### PROBLEM DETAILS
Print out the data precisely as it appears here, with no pictures.

### DATA BLOCK
* * * * *

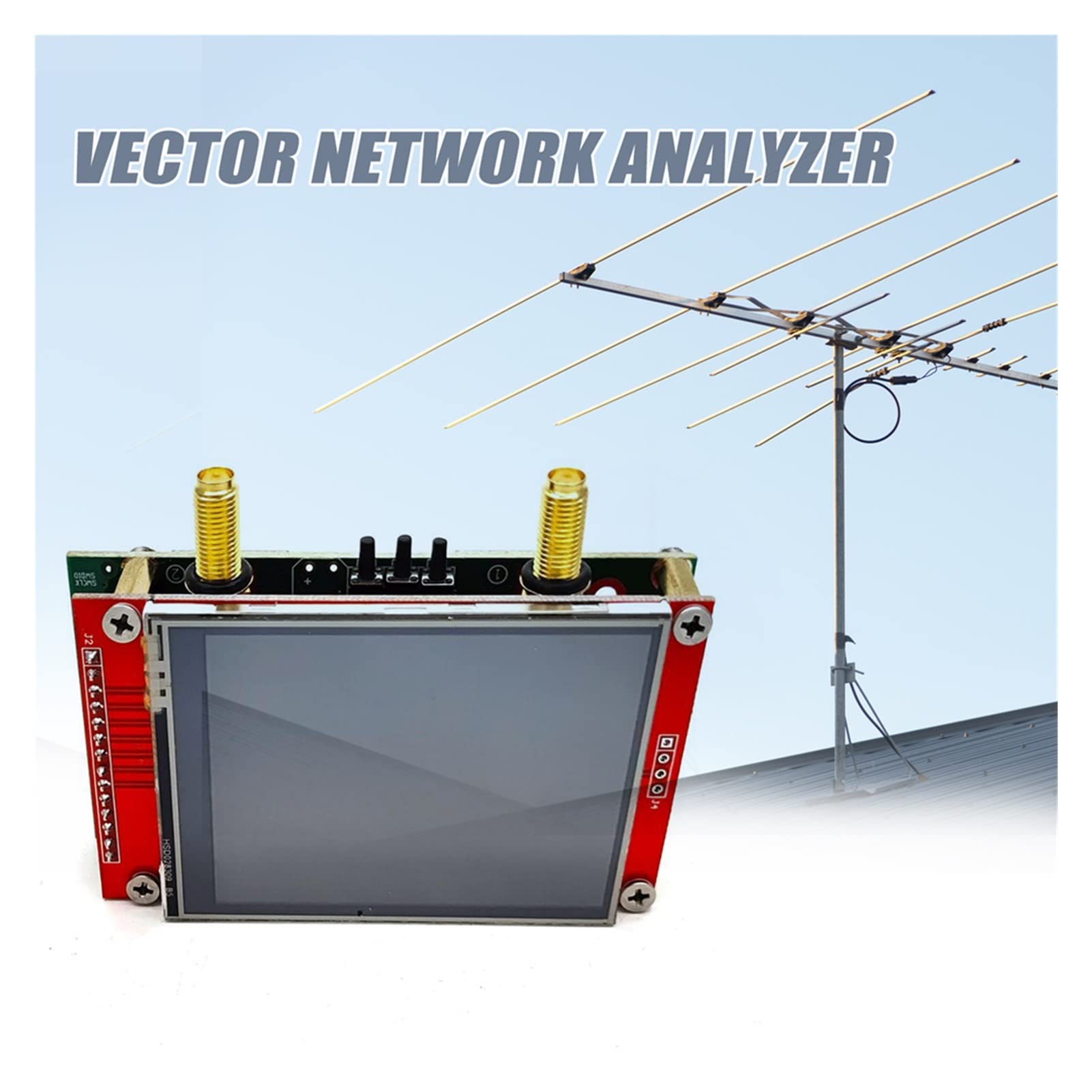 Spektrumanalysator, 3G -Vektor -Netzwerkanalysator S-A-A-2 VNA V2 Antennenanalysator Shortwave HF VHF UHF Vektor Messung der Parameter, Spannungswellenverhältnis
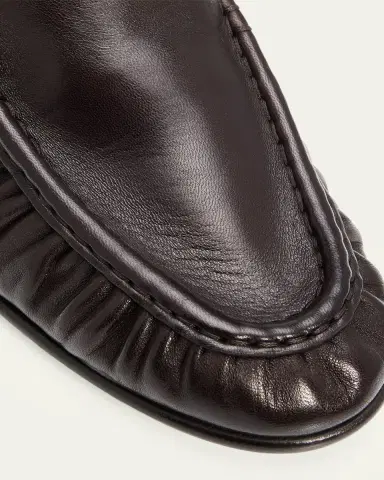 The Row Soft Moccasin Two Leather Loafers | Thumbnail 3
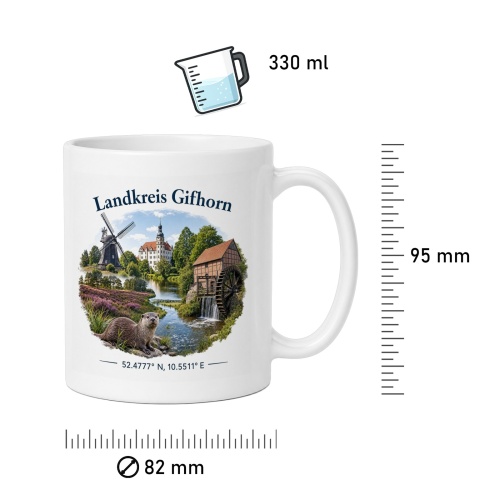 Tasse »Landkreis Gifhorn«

* * * * *

### ANSWER BOX
 Spektrumanalysator, 3G -Vektor -Netzwerkanalysator S-A-A-2 VNA V2 Antennenanalysator Shortwave HF VHF UHF Vektor Messung der Parameter, Spannungswellenverhältnis
 The Row Soft Moccasin Two Leather Loafers | Thumbnail 3
 Tasse »Landkreis Gifhorn«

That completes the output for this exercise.